Aber es beleidigte sie doch, und sie meinte ärgerlich, ich sollte selbst ausschauen; so zog ich denn die Ruder ein und schaute aus. In gerader Richtung lag der Fluß vor uns da, ungefähr eine Meile weit sichtbar – aber weit und breit keine Spur von einer Schleuse.
»Du meinst doch nicht, daß wir den Weg verloren haben, wie?« fragte meine Gefährtin.
Wie dies hätte zugehen sollen, konnte ich zwar nicht einsehen; doch gab ich der Vermutung Ausdruck, wir seien vielleicht auf irgendeine Weise in den Wehrabfluß geraten und steuerten jetzt auf die Wasserfälle zu. Diesen guten Gedanken fand meine Base nicht im mindesten tröstlich; im Gegenteil, sie fing an zu weinen, und sagte, wir würden beide ertrinken, und dies wäre ein über sie verhängtes Strafgericht, weil sie mit mir ausgefahren sei. Das erschien mir nun doch eine ungebührlich harte Strafe zu sein; aber meiner Base kam es nicht so vor; sie äußerte die Hoffnung, es werde bald alles vorüber sein.
Ich versuchte ihr wieder etwas Lebensmut und Hoffnung einzuflößen und die Angelegenheit auf die leichte Achsel zu nehmen. Ich erklärte ihr, die ganze Geschichte rühre davon her, daß ich eben nicht so geschwind gerudert hätte, als ich geglaubt; aber wir würden nun bald die Schleuse erreichen. Dann ruderte ich noch eine Meile vorwärts.
Jetzt fing ich selbst an, unruhig zu werden. Ich schaute wieder auf die Karte. Da stand die Wallingfordschleuse ganz deutlich bezeichnet – anderthalb Meilen unter der Pensonsschleuse. Es war eine gute, verläßliche Karte, und überdies erinnerte ich mich der Schleuse noch ganz gut von früher her. Ich hatte sie schon zweimal passiert. Aber wo waren wir denn um des Himmels willen? Was war uns zugestoßen? Es kam mir zuletzt alles wie ein Traum vor; mir war's, als müsse ich schlafend im Bette liegen, um in der nächsten Minute mit dem Rufe, es sei zehn Uhr, aufgeweckt zu werden. Ich fragte meine Base, ob sie es für möglich hielte, daß dies alles nur ein Traum sei; sie meinte, sie habe diese Frage eben an mich richten wollen; dann fragten wir uns, ob wir beide wohl schliefen, und wenn dies der Fall wäre, wer von uns wirklich diesen Traum träume, und wer nur eine Traumgestalt für den andern sei. Es war dies eine ganz interessante Untersuchung.

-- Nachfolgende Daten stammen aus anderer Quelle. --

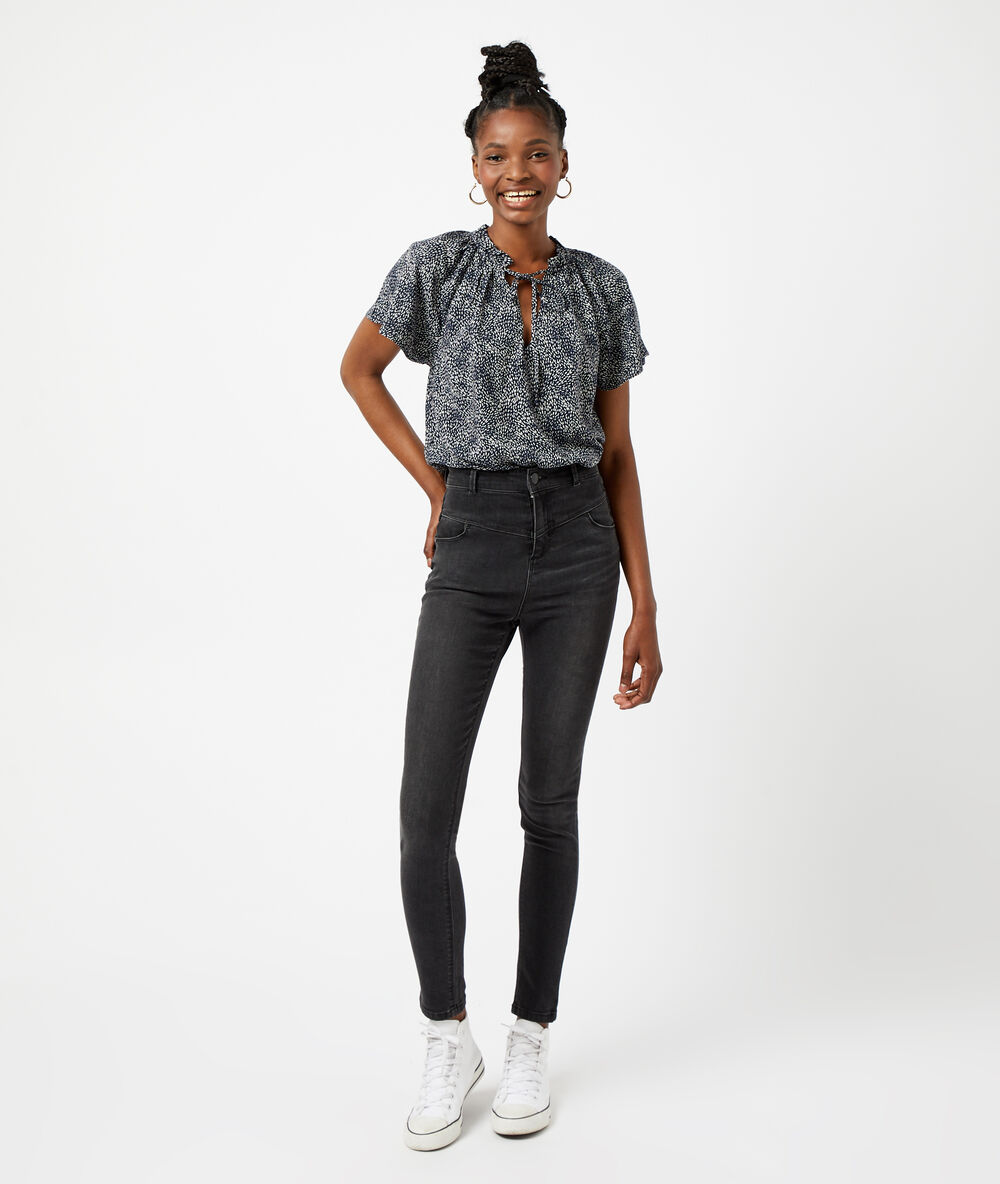 Blusa corta estampada azul marino.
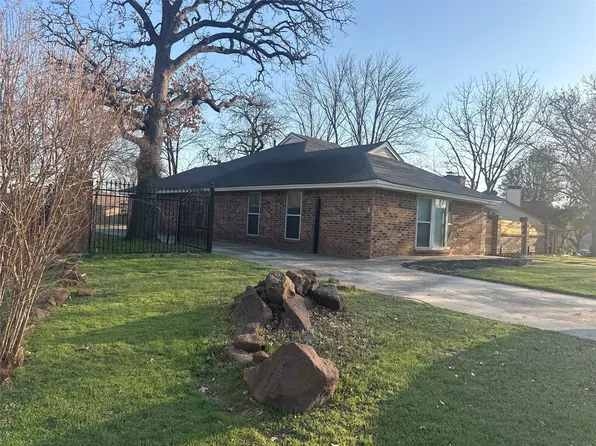 2109 Oakmeadow St, Bedford, TX 76021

Währenddessen ruderte ich immerzu, aber trotzdem kam noch immer keine Schleuse in Sicht. Der Fluß, von den dunkler werdenden Schatten der Nacht bedeckt, wurde immer düsterer und unheimlicher, überall schien es gespenstisch zu spuken. Ich dachte an Kobolde und Hexen, an Irrlichter und an jene bösen Mädels, die nächtlicherweile auf den Felsen sitzen und die Leute in die Wirbel der Fluten und in solches Zeug hineinlocken; und ich wünschte jetzt ein besserer Mensch gewesen zu sein und mehr fromme Lieder gelernt zu haben.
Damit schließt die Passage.